A large percentage of post-menopausal women suffer from reduced bone density. People with decreased bone mass are significantly more susceptible to fractures, particularly of the back and hips. Injuries of this nature can become long term disabilities. Several treatments are available to offset bone loss. Recently many women have begun considering the use of Prolia for osteoporosis.
Most people experience their greatest bone mass during their twenties. Density begins to wane for those in their thirties. In the following years individuals lose one to four percent of their bone mass annually. Loss speeds up greatly for post menopausal women. In the first few years after menopause, some females lose a quarter of their bone density.
Initially, there are few signs that bones are becoming progressively weaker. The first symptom of decreasing density may be an aching lower back or a stiff, tender neck. As the malady continues pain will become sharper. It often strikes without notice and hangs on for several weeks or months. The progression of the disease leads to bones that break with seemingly very little cause. Posture may become stooped.
The disease can be diagnosed and treated long before advanced symptoms occur.

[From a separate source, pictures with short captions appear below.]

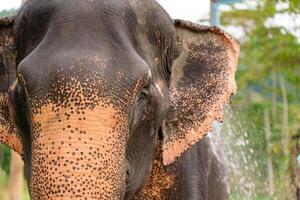 Majestic elephant face in close-up,revealing intricate skin textures and patterns,with large ear and trunk visible,as if under light rainfall photo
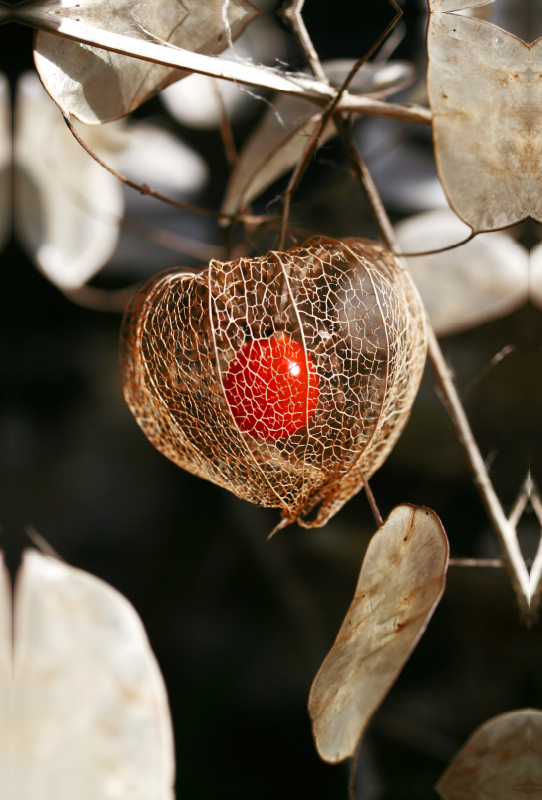 Physalis, reife Frucht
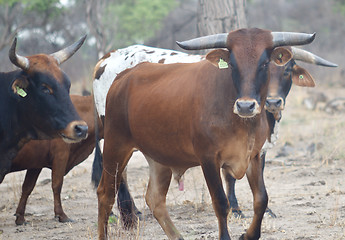 Image showing cows in Africa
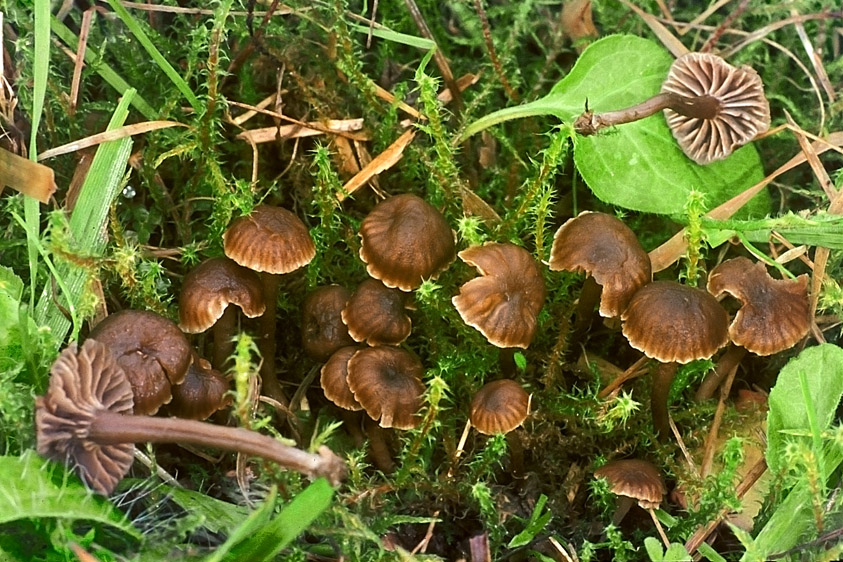 Camarophyllopsis foetens (door Henk Huijser)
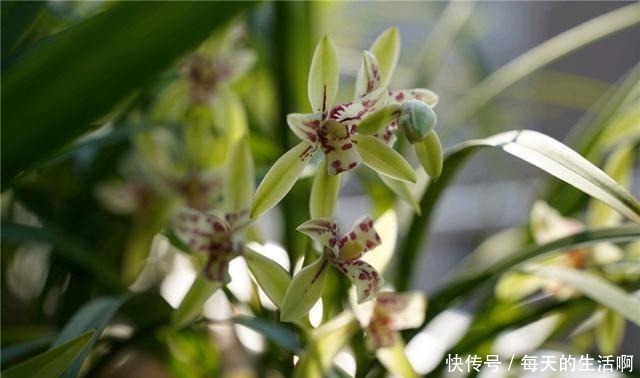 厨房这1料,养兰“特有效”,一洒一喷,兰花生根快,新芽蹿不停!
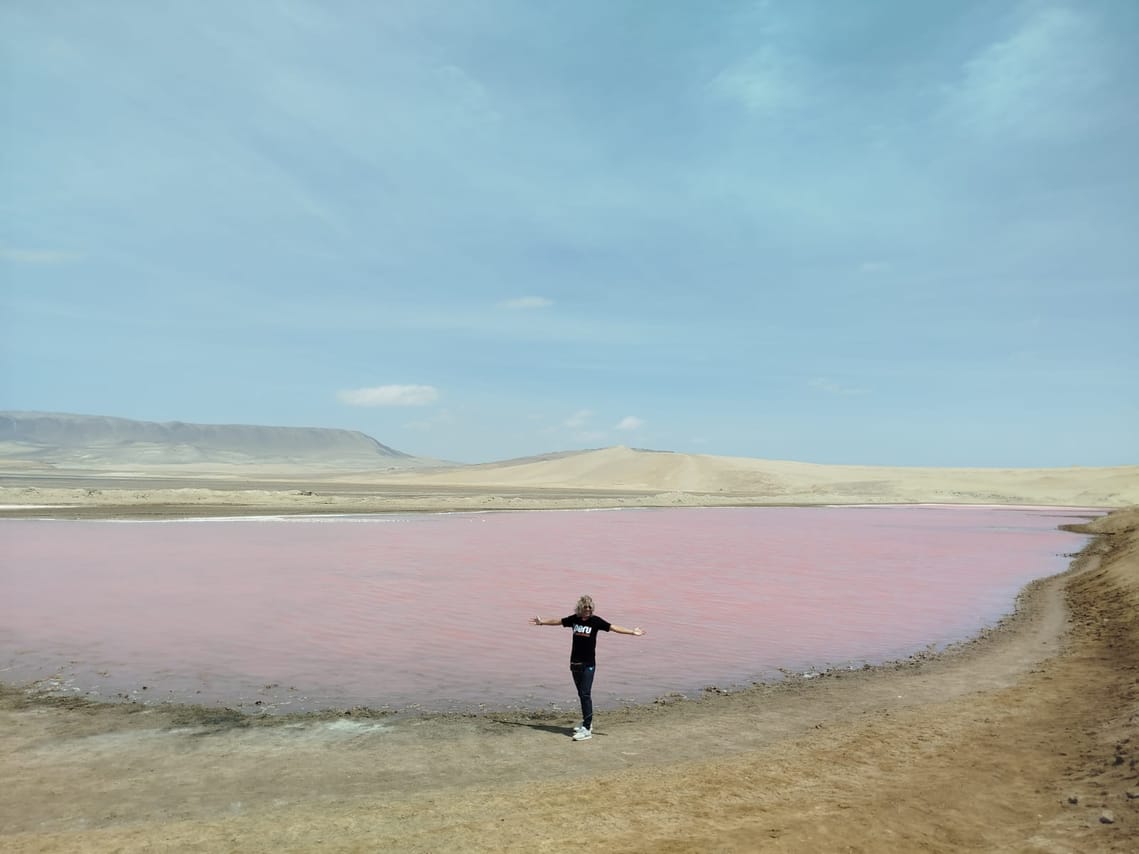 Paracas National Reserve Half Day Tour 8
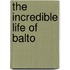 The Incredible Life of Balto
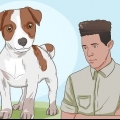 At holde en jack russell terrier glad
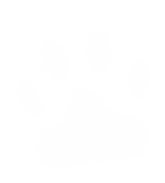 paw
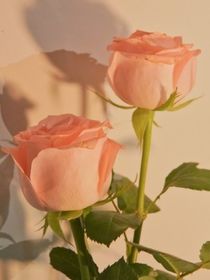 X——朦胧（双同人）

Once it is diagnosed, some women may choose to take Prolia for osteoporosis relief. X-rays provide the most common method for diagnosing bone loss. The images taken are compared to those of similar subjects and those of extremely healthy subjects. These comparisons give an accurate picture of the bone health of the person being diagnosed.
Once a diagnosis has been made, therapy begins. Weight bearing exercise helps alleviate the condition, as does proper diet. Supplements are often prescribed to improve bone health. Some can be taken by mouth on a monthly basis. Prolia for osteoporosis is a fairly recent development which allows users to receive benefits by taking injections twice a year.